PROVIDED RECORDS →
_ _ _
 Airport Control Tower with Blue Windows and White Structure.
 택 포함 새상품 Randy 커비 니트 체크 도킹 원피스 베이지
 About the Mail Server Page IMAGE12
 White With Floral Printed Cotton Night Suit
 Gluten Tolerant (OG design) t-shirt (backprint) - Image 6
_ _ _
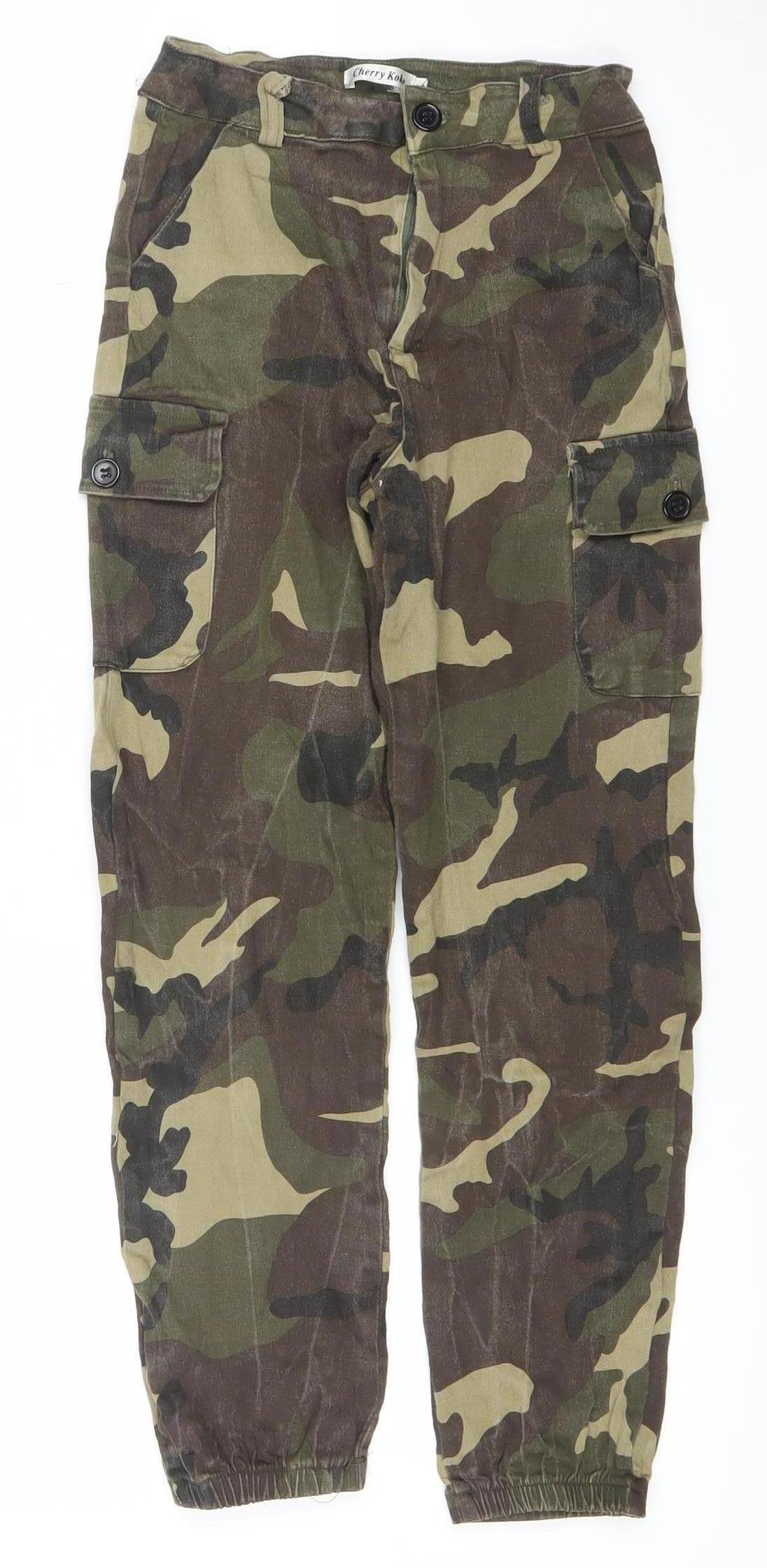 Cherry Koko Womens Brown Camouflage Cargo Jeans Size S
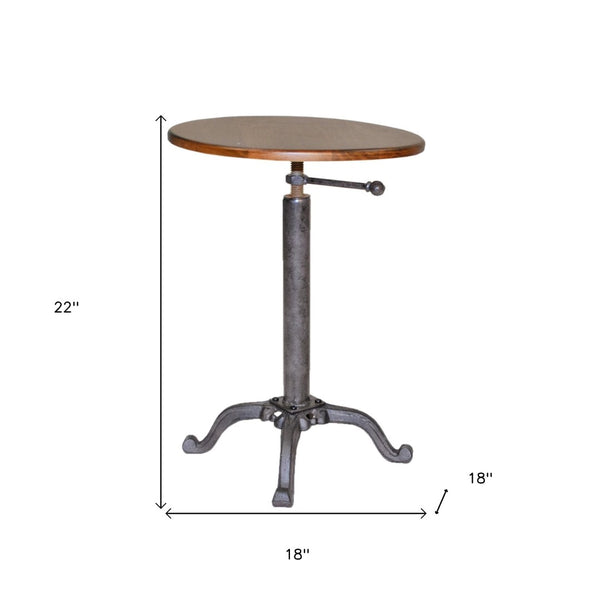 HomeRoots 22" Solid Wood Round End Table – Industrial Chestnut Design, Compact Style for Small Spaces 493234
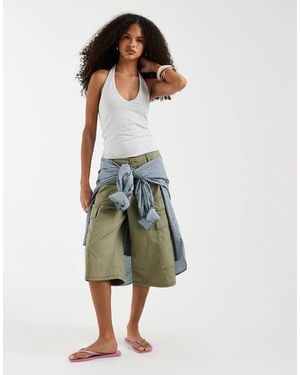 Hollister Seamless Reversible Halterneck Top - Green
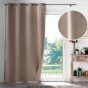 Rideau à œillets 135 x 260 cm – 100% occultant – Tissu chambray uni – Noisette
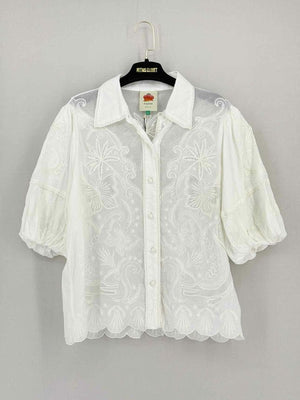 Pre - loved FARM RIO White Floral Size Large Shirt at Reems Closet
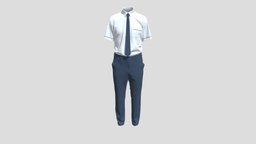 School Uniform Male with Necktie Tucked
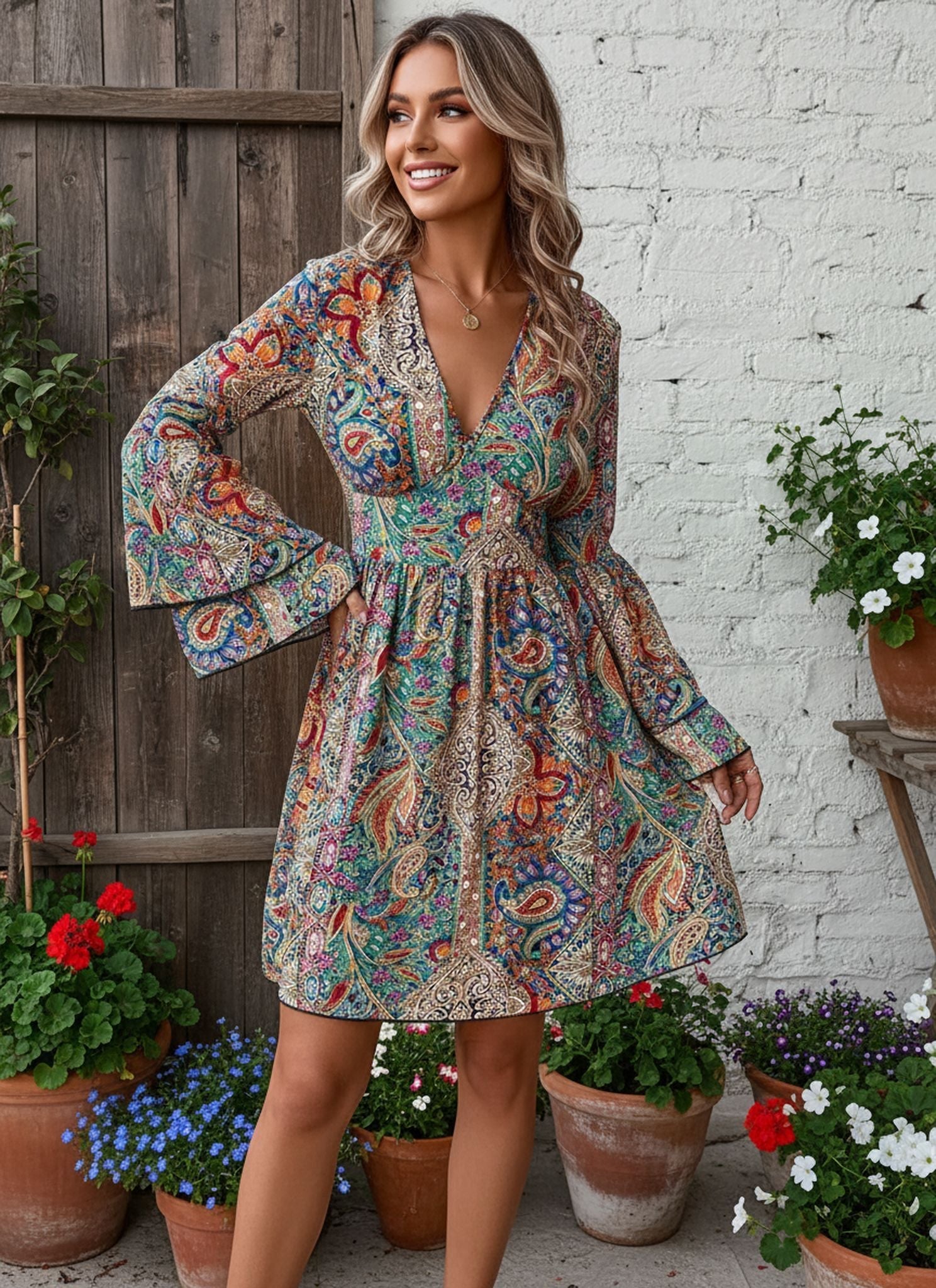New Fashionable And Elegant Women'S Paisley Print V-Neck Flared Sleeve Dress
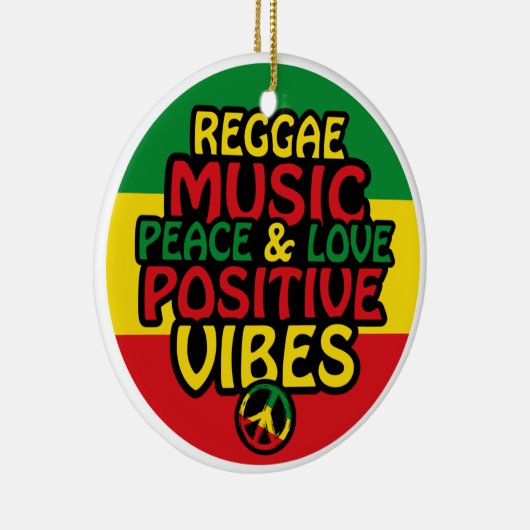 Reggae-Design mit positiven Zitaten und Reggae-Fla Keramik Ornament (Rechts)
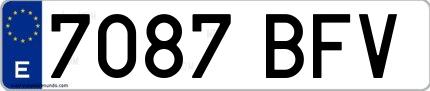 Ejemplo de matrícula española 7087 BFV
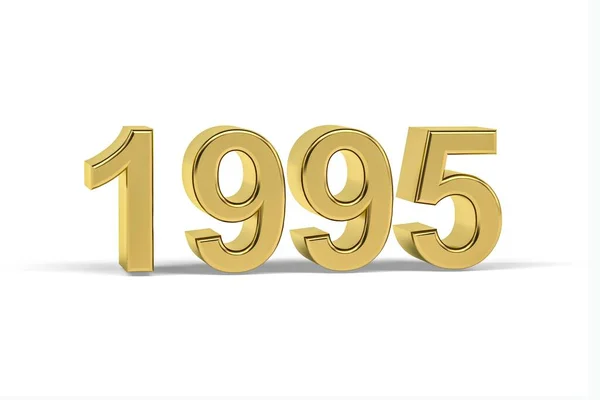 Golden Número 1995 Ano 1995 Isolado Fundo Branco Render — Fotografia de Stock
_ _ _
EXERCISE BRIEF →
Transcribe, exactly and without additions, the lines of the records above, beginning with the line that contains "About the Mail Server Page IMAGE12" and ending with the line that contains "Gluten Tolerant (OG", both included.

THE ANSWER →
 About the Mail Server Page IMAGE12
 White With Floral Printed Cotton Night Suit
 Gluten Tolerant (OG design) t-shirt (backprint) - Image 6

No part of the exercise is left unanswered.